Mario habla rápido y lee rápido, con fluidez y con elocuencia. Su voz tiene una entereza insospechada para el horror que relata. Enumera vejaciones dictatoriales y denuncia a la burocracia que decía hacer todo lo posible para encontrar a personas desaparecidas mientras el Poder Ejecutivo no daba brazo a torcer con su política de aniquilación. Supo atributos de su familia por cartas entre su abuela María Delia y la mamá de su hermana. En esa época, el correo internacional tardaba meses, que se traducían en “incertidumbre y desesperación”. En instantes, Mario protestará por el triste seudónimo usado por Videla: “Desaparecido”.

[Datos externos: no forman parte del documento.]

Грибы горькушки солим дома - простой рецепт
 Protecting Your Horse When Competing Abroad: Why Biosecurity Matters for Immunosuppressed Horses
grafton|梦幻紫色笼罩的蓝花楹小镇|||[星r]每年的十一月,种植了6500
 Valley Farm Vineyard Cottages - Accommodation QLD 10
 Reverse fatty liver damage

Cuando él termine, Adela Isabel Ruiz, su tía, destacará en su testimonio el trabajo del Equipo de Antropología Forense. Dirá que su hermana y su cuñado podrían haber estado en los ex centros clandestinos de detención “La Calamita” o “La Casa de Funes”. “Cuando fui a Buenos Aires para mí fue muy sanador pertenecer al grupo de Hermanos”, reivindicará. Fue allí donde entendió que sus altibajos eran comunes. Adela llevó un texto poético que escribió y lo va a leer con voz baja. Hablará de una boca llena de palabras no dichas. Resaltará un silencio cargado de “paciencia” y corregirá a la inmediatez su lapsus: “Presencia”.

Los nombres cambiados

Al reconstruir su infancia de adopción forzada, donde fue un niño triste y solitario, Mario cuenta que, de bebé, tuvo una intervención quirúrgica por un quiste en la axila. Sus padres lo fotografiaron con esa marca para que pudieran reconocerlo en caso de tener que hacerlo. Mientras sufría por tener que nombrar lo que no era —a sus primos, hermanos; a su hermana, prima; a su tío, padre—, en la escuela conoció a un hijo apropiado que se llamaba Jorge Rafael.

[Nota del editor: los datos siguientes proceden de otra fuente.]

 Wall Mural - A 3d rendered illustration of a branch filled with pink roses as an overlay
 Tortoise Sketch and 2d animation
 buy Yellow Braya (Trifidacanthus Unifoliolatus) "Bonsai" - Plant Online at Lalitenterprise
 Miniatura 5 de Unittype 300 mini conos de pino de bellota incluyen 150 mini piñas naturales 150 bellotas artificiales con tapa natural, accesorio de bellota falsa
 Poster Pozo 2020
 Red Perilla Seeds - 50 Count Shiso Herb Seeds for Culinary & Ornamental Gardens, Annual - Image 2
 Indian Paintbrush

Marito define al último golpe de Estado como un “plan digitado y siniestro ejecutado por personas de carne y hueso, con nombres y apellidos”, en el que “cualquiera en la vereda de enfrente del modelo político y económico que se venía a imponer corría riesgo de secuestro y tortura”. Tras la ley de Obediencia Debida, de la de Punto Final y de los indultos, concluye: “Entendí la lucha de mis padres”. No le queda bandera por levantar, esgrime contra la teoría de los dos demonios y reivindica a Madres y a Abuelas de Plaza de Mayo.

Cerca del final, evoca a un abogado que le había preguntado si pertenecer a Hijos le impedía un proceso de duelo y responde ante el tribunal que era la falta de justicia lo que se lo obturaba. Una mujer le besa la mano a otra, ambas abrazarán a Mario en minutos, cuando haya dejado el estrado. La audiencia finaliza y el juicio se retomará este lunes 27 de marzo a las 9 de la mañana, cuando declare la familia de Eduardo Héctor Garat, militante de Montoneros desaparecido en 1978.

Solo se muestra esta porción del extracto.